In an action, inter alia, to recover damages for false arrest and malicious prosecution, (1) the defendants Town of Clarkstown and the Police Department of the Town of Clarkstown appeal, as limited by their brief, from so much of an order of the Supreme Court, Rockland County (Meehan, J.), dated January 2, 1996, as granted the plaintiff's motion for leave to serve a late notice of claim, and (2) the plaintiff cross-appeals from so much of the same order as granted the cross motion of the defendants County of Rockland and the District Attorney of Rockland County for summary judgment dismissing the complaint insofar as asserted against them.
ORDERED that the order is modified by deleting therefrom the provision granting the plaintiff leave to serve a late notice of claim and substituting therefor a provision denying the plaintiff's motion; as so modified, the order is affirmed insofar as appealed and cross-appealed from, with one bill of costs to the appellants-respondents and the defendants-respondents, payable by the respondent-appellant.
On April 21, 1994, the plaintiff was arrested by the Town of Clarkstown police and charged with harassment (Penal Law § 240.26[3] ) and resisting arrest (Penal Law § 205.30). The charges arose out of an incident in a grocery store parking lot wherein the plaintiff repeatedly screamed racial slurs at another woman. On July 18, 1995, just a few days before the expiration of the one year and 90-day period for serving a notice of claim, the plaintiff commenced the instant action against the Town of Clarkstown, the Police Department of the Town of Clarkstown, the County of Rockland, and the District Attorney of the County of Rockland, and simultaneously moved for leave to serve a late notice of claim. The defendant County of Rockland and the District Attorney of Rockland County cross-moved to dismiss the complaint insofar as asserted against them on the grounds of prosecutorial immunity. The Supreme Court granted the plaintiff's motion for leave to serve a late notice of claim against the Town defendants and granted the cross motion of the County defendants to dismiss the complaint insofar as asserted against them.

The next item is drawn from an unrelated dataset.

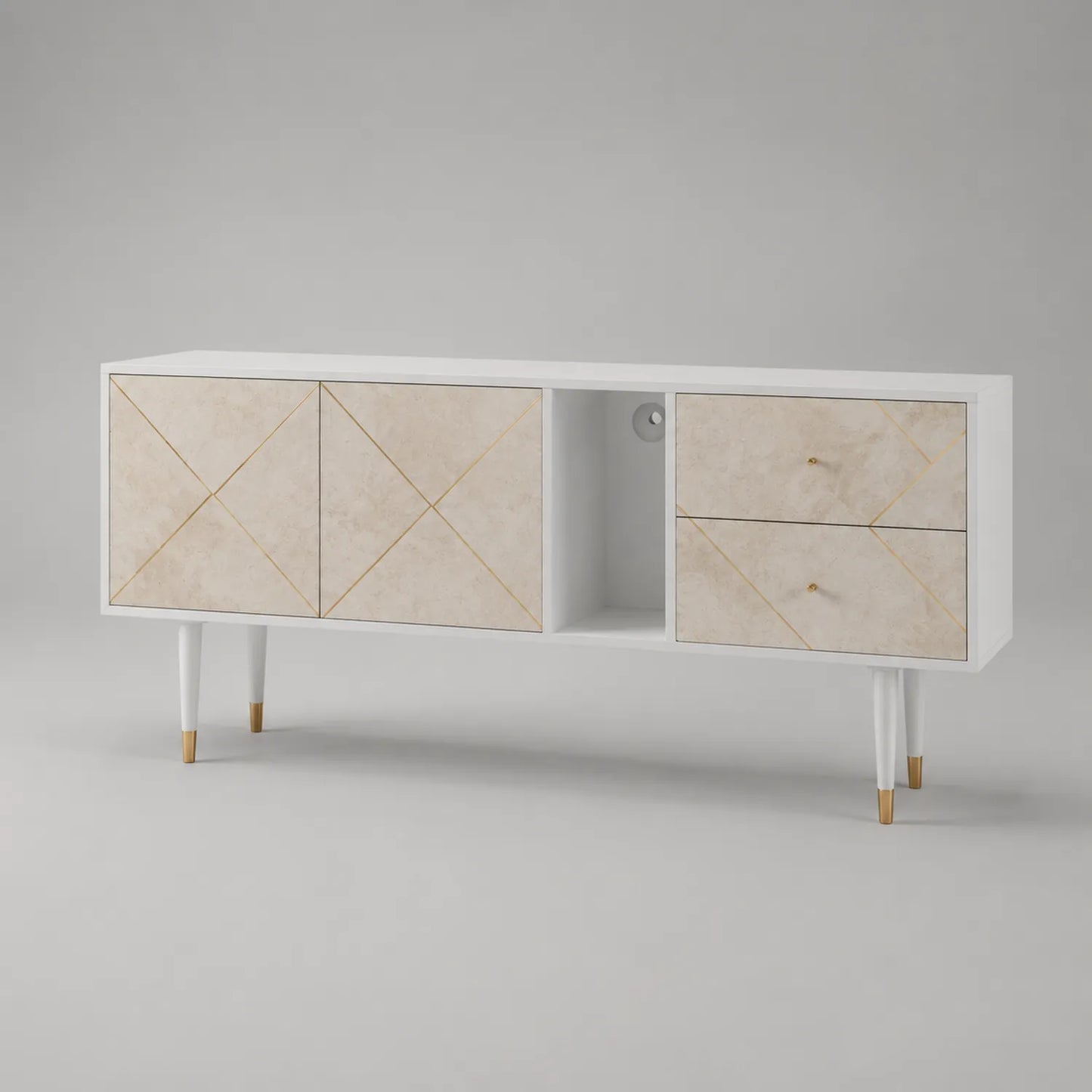 TV-Schrank mit MDF und Marmoroptik, 180x40x60 cm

Under the circumstances of this case, it was an improvident exercise of discretion to grant the plaintiff leave to serve a late notice of claim. Here, not only was the delay lengthy (15 months), but the plaintiff also concededly waited until just before the filing period expired before making her motion and failed to tender even the semblance of a reasonable excuse for the delay (see, Matter of Dube v. City of New York, 158 A.D.2d 457, 551 N.Y.S.2d 50; Pierce v. New York City Housing Authority, 43 A.D.2d 842, 351 N.Y.S.2d 171). The record does not support a conclusion that the police reports provided the Town defendants with knowledge of the claim first interposed 15 months after the incident, or that no prejudice was caused by the lengthy delay (see, Matter of Ragin v. City of New York, 222 A.D.2d 678, 636 N.Y.S.2d 83; Matter of McAllister v. County of Nassau, 202 A.D.2d 670, 609 N.Y.S.2d 294; Matter of Camilleri v. County of Suffolk, 190 A.D.2d 669, 593 N.Y.S.2d 73). Further, we note that the plaintiff's causes of action alleging false arrest and assault were time-barred in any event by the one-year Statute of Limitations (see, CPLR 215; Golomb v. Westchester County Med. Ctr., 201 A.D.2d 702, 608 N.Y.S.2d 290; Sanchez v. County of Westchester, 146 A.D.2d 620, 536 N.Y.S.2d 529; Jackson v. Police Dept. of City of N.Y., 119 A.D.2d 551, 500 N.Y.S.2d 553), and her cause of action alleging malicious prosecution had not yet accrued since the criminal charges were still pending at the time she made her motion (see, Guzman v. City of New York, 236 A.D.2d 444, 653N.Y.S.2d 143; McElveen v. Police Dept. of City of N.Y., 70 A.D.2d 858, 418 N.Y.S.2d 49).
The Supreme Court properly granted the cross motion of the County defendants for summary judgment dismissing the complaint insofar as asserted against them. It is well settled that “[a] prosecutor is entitled to absolute immunity for actions taken within the scope of his official duties in initiating and pursuing a criminal prosecution and in presenting the State's case” (Brenner v. County of Rockland, 67 A.D.2d 901, 413 N.Y.S.2d 185; see also, Rosen & Bardunias v. County of Westchester, 158 A.D.2d 679, 552 N.Y.S.2d 134; Matter of Covillion v. Town of New Windsor, 123 A.D.2d 763, 507 N.Y.S.2d 236). Here, since the criminal charges had already been lodged and the criminal justice process commenced, any determination by the prosecutor to continue the case or to drop the charges enjoyed the shield of immunity.
MEMORANDUM BY THE COURT.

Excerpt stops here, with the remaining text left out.